Rabbit anti c ebpβ sc 150

Whole cell lysate were prepared in IPH buffer (50mM Tris pH 7.5, 150mM NaCl, 0.5% NP-40, 5mM EDTA, 1mM DTT and 1X protease inhibitor cocktail) and briefly sonicated on ice. To assess expression of myoblast and myotube markers, the following antibodies were used: mouse anti-MyoD (SC-32758, 1/500), mouse anti-myogenin (SC-12732, 1/500), rabbit anti-C/EBPβ (SC-150, 1/500) all from Santa Cruz Biotechnology, mouse anti-Pax7 (pax7, 1/200) and mouse myosin heavy chain (MF20, 1/100) both from DSHB. Rabbit anti-Cyclophilin B (Abcam, 1/10,000) and mouse anti-β-actin (Sigma, 1/10,000) were used as loading controls. Secondary HRP-conjugated antibodies used were donkey anti-rabbit (NA934, 1/2,000) and sheep anti-mouse (NA931, 1/2,000) both from Amersham GE Healthcare Life Sciences. Chemiluminescence images were captured using the Luminescent Image Analyzer LAS-4000 (Fujifilm Life Science).

For immunocytochemistry, cells were washed, fixed in 2% paraformaldehyde, permeabilized with 0.5% Triton X-100 and blocked 1 hour in 5% normal donkey serum. Following washes, mouse anti-MyHC (MF20, 1/200), mouse anti-Pax7 (Pax7, 1/100) both from DSHB, or rabbit anti-MyHC (SC-20641, 1/100) primary antibody was added and incubated at 4°C. Secondary antibodies used were: Alexa488-conjugated donkey anti-rabbit (711-546-152, 1/500), biotin-conjugated donkey anti-mouse (715-066-150, 1/500), Cy3-conjugated streptavidin (016-160-084, 1/1,000) all from Jackson Immuno-Research. Nuclei were identified by DAPI staining.

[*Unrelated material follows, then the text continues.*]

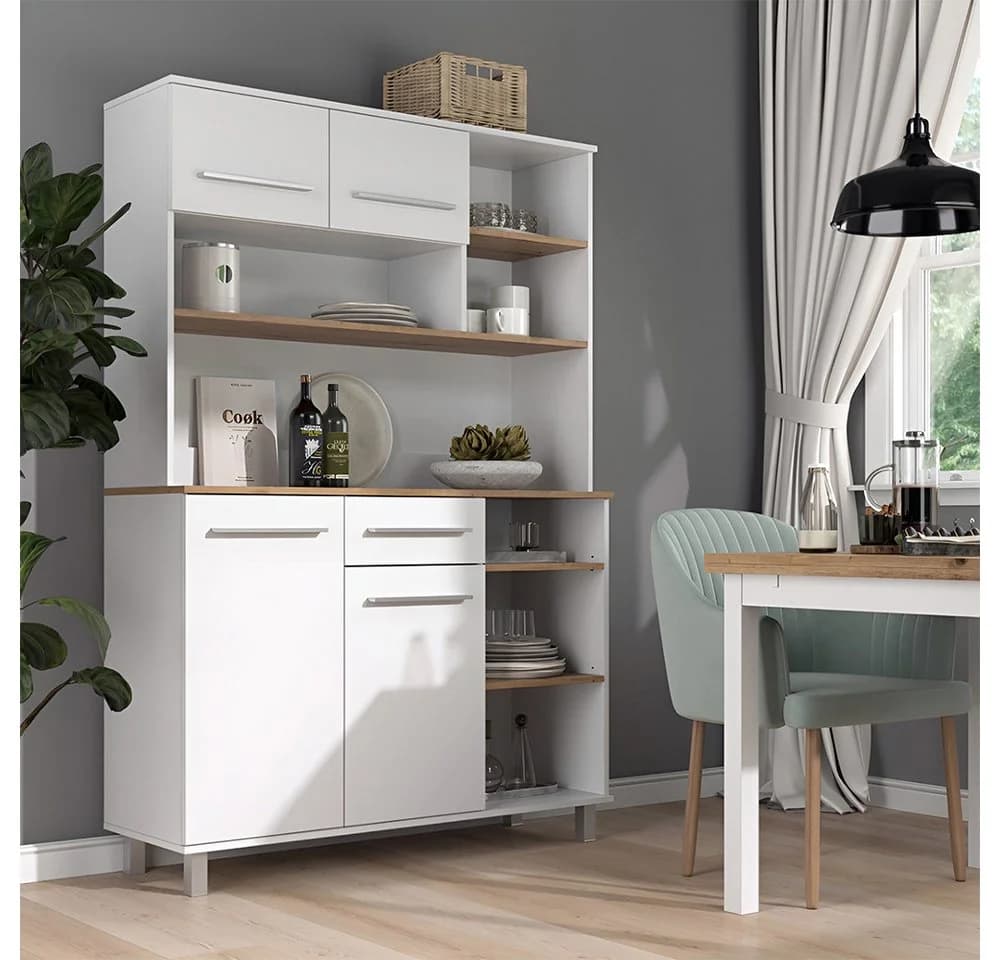 Vicco Küchenbuffet Pure Weiß/Artisan-Eiche 120x177x40,5 cm - Bild 3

Indirect immunofluorescence was performed on frozen sections of TA muscle from C57BL/6 mice. 8μm-thick sections were dehydrated 30min at 37°C, fixed in 4% paraformaldehyde and antigen-retrieval was perform by incubating sections at 92°C in citrate buffer (10mM citric acid, 0.05% Tween-20, pH 6.0) for 20min. Primary antibodies used were rabbit anti-C/EBPβ (SC-150, 1/200) from Santa Cruz Biotechnology, anti-Pax7 (pax7, 1/100) from DSHB. Secondary antibody labelling was done as above. For image acquisition, pictures were taken on a DMI3000B epifluorescence microscope (Leica) using infinity 3 (Lumenera) camera. For processing, individual pictures were level adjusted uniformly and pasted on a single color channel in Adobe Photoshop.